Return only the lines from the top of the data down to the one that holds "Cartoline postali: Kornhauskeller", both included, without any pictures.

[Short text fragments from websites]
= = = = = = =

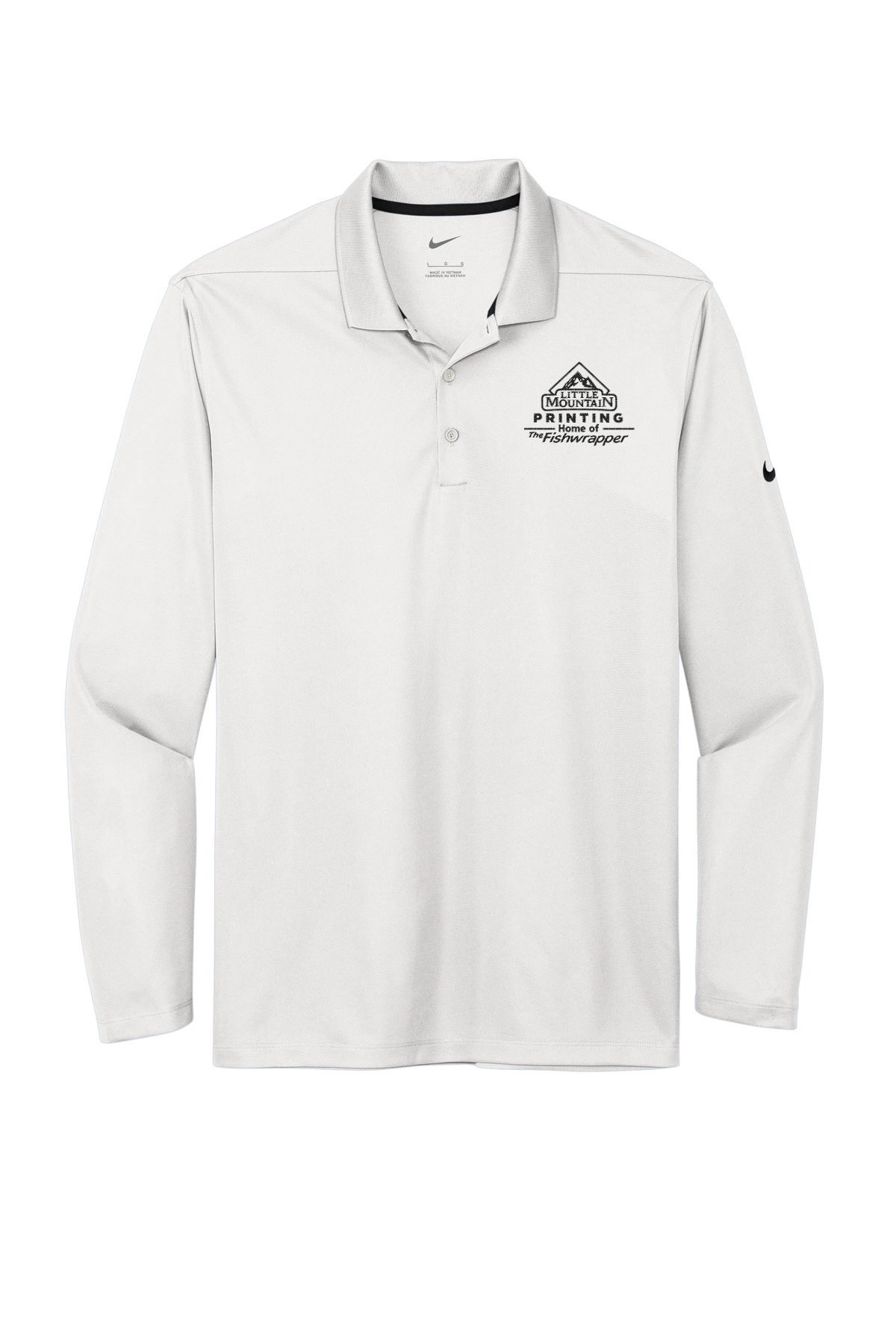 Variant Image for NKDC2104 - Nike Dri-FIT Micro Pique 2.0 Long Sleeve Polo - LMP - 1 Color - Black - Website Little Mountain Printing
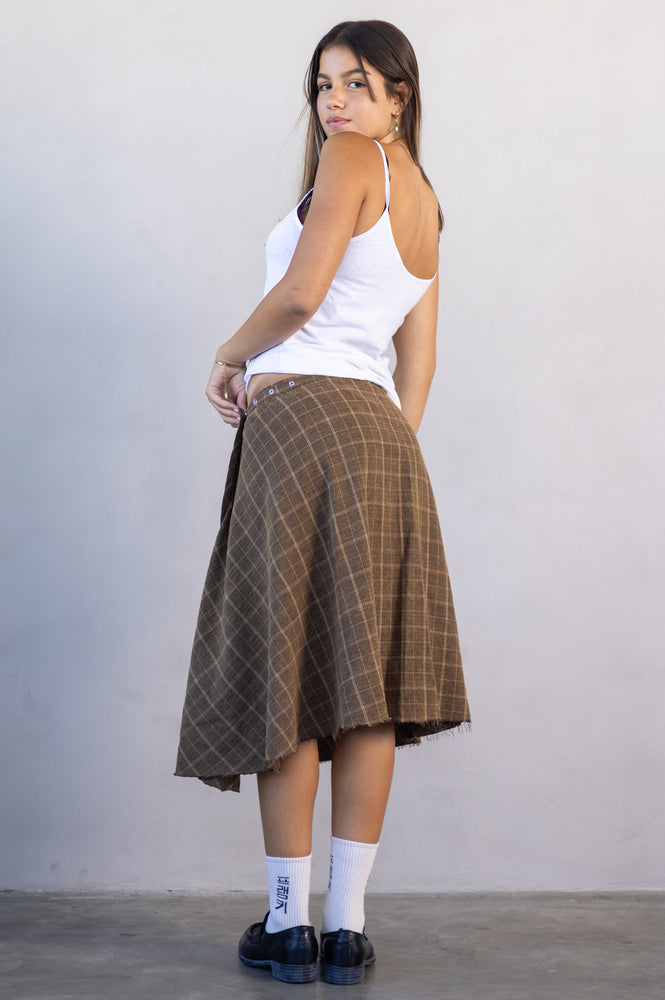 
                  
                    Load image into Gallery viewer, Brown vintage wrap skirt
                  
                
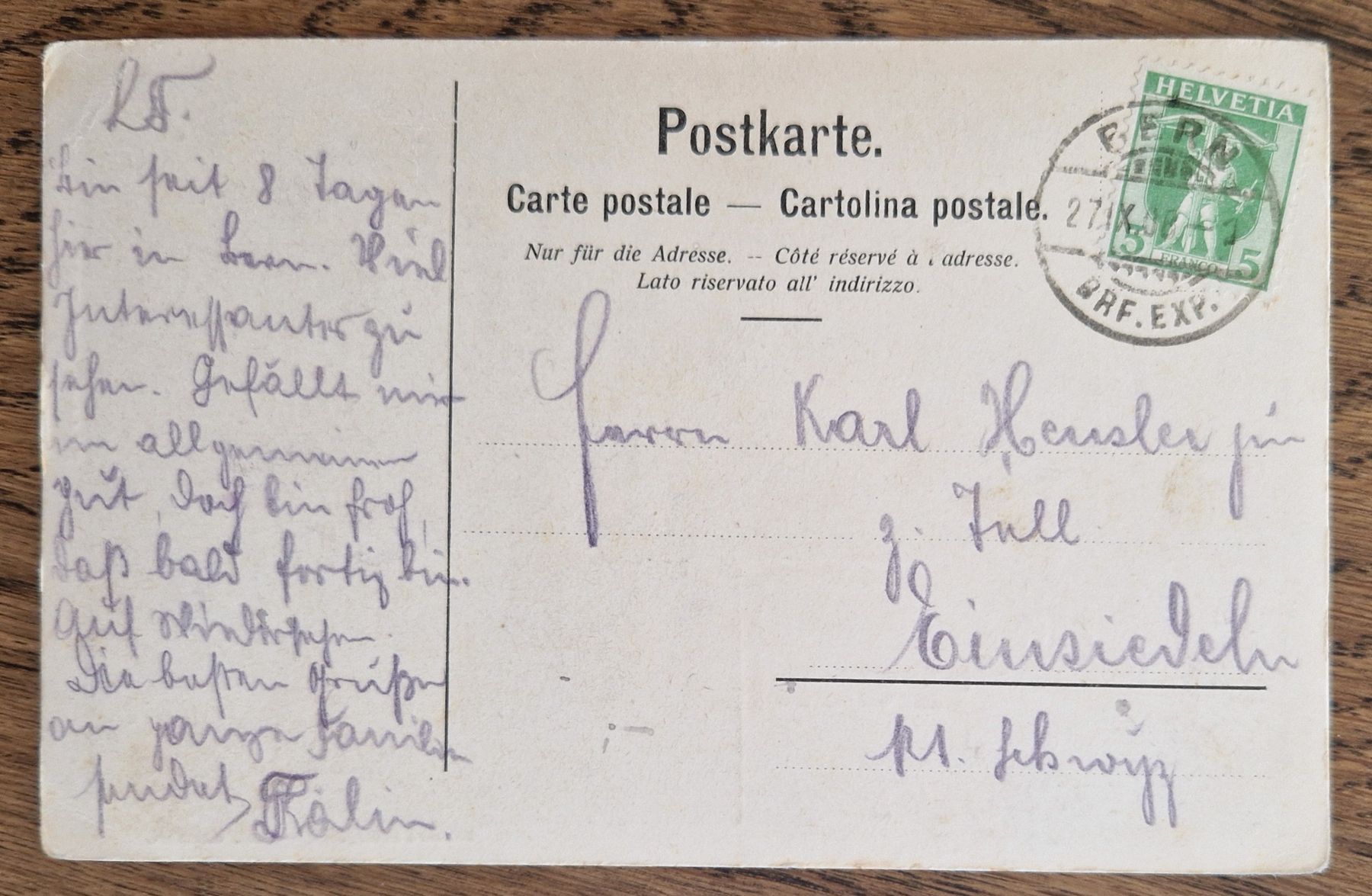 Cartoline postali: Kornhauskeller Bern 1908  n. Einsiedeln z.K. Heusler jun. – Usato da Ebikon venduto da Donar50 1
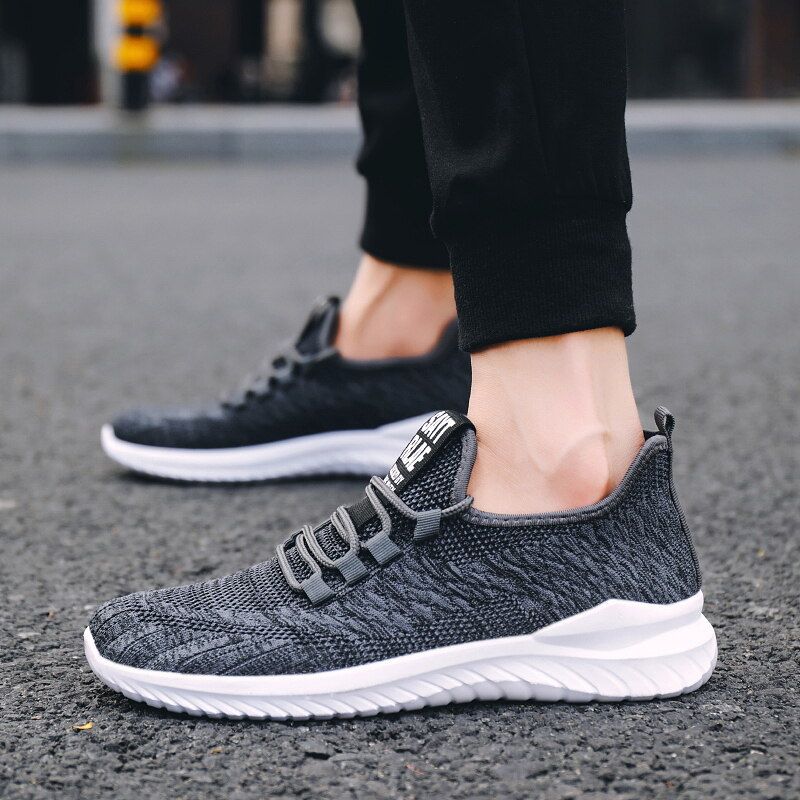 Mens Lightweight Sport Running Shoes Fabric Mesh Sneakers Flying Woven Lace Running Shoes Sport Tide Shoes EU:44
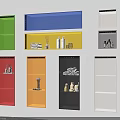 Colorful Wall Mounted Storage Shelves with Various Designs and Decorative Items
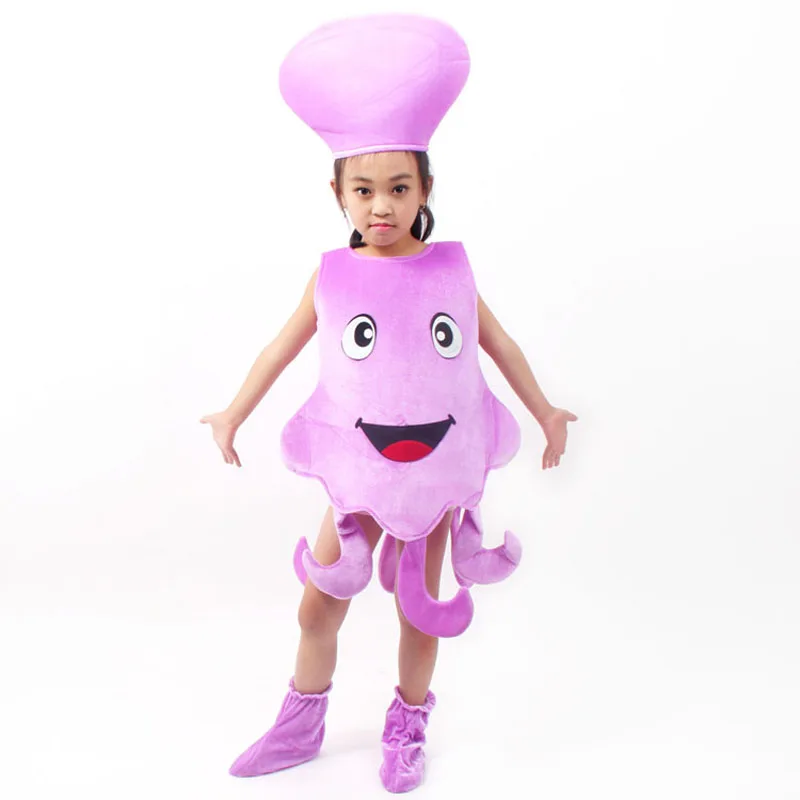 Детский костюм осьминога синее фиолетовое морское животное Осьминог комбинезон одежда для мальчиков и девочек Хэллоуин косплей праздничная одежда - Цвет: Фиолетовый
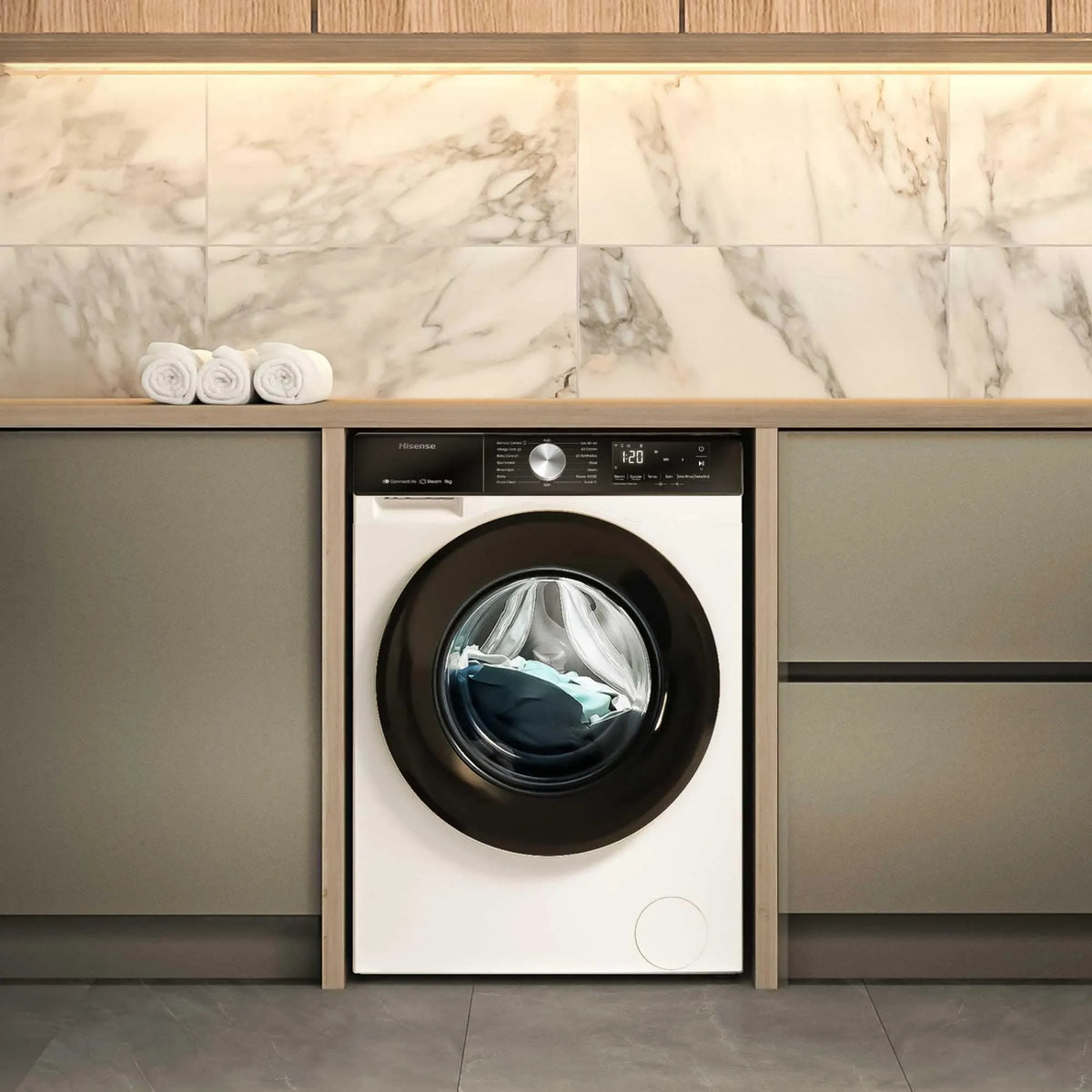 Front-Load Washing Machine 9kg 1400 rpm WiFi Steam White Class A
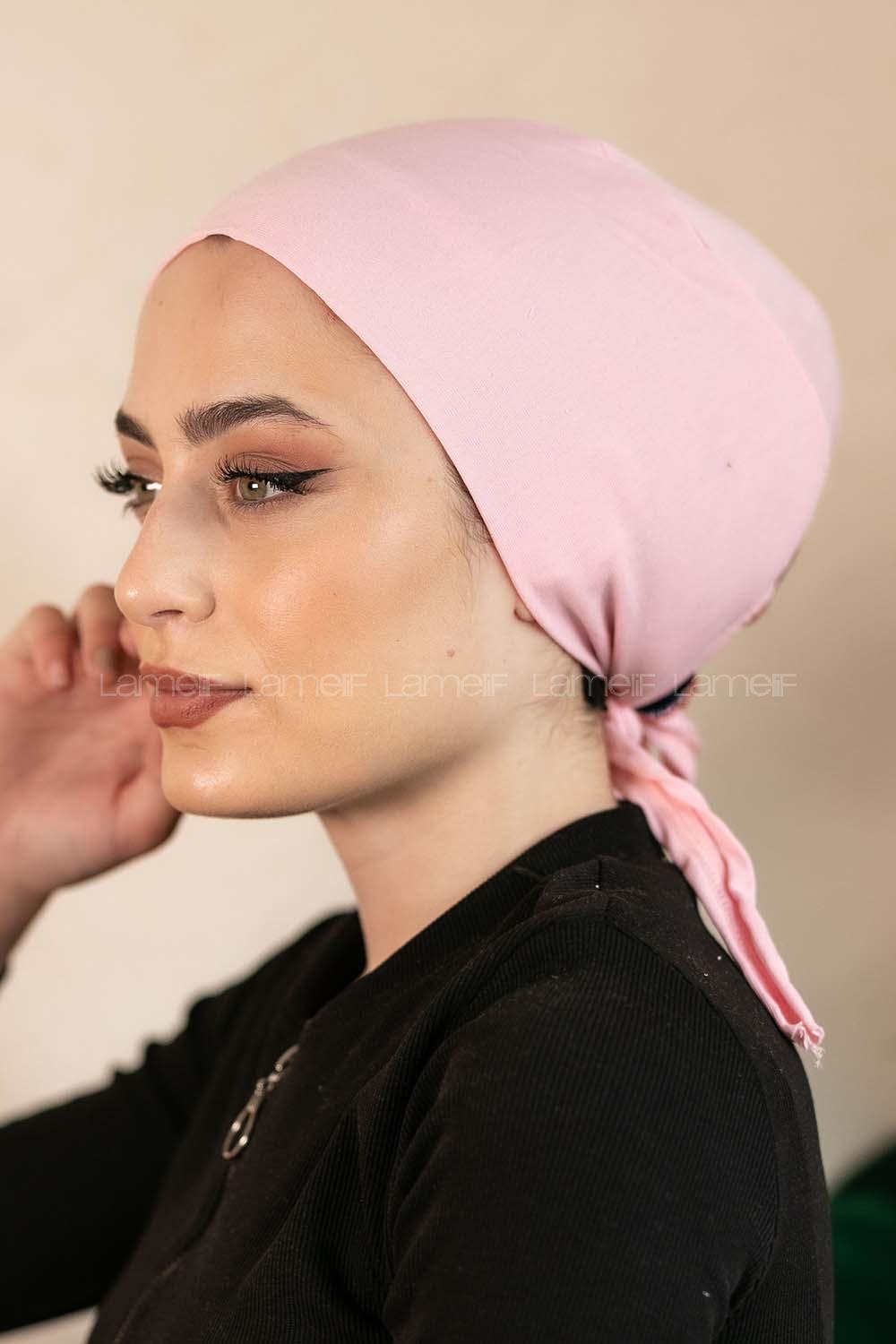 Modalamelif Dikişsiz Bağlamalı Penye Bone Şeker Pembe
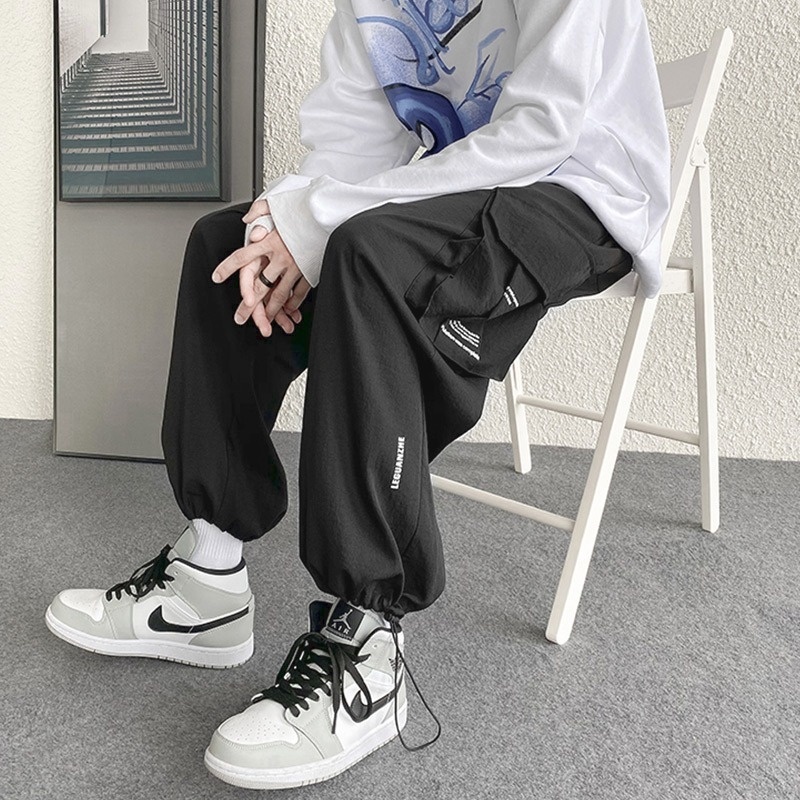 Quần ống rộng Nhiều Túi Phong Cách Hip Hop Thời Trang Hàn Quốc Cho Nam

= = = = = = =

# RESULT OF THIS EXERCISE:
 Variant Image for NKDC2104 - Nike Dri-FIT Micro Pique 2.0 Long Sleeve Polo - LMP - 1 Color - Black - Website Little Mountain Printing
                  
                    Load image into Gallery viewer, Brown vintage wrap skirt
                  
                
 Cartoline postali: Kornhauskeller Bern 1908  n. Einsiedeln z.K. Heusler jun. – Usato da Ebikon venduto da Donar50 1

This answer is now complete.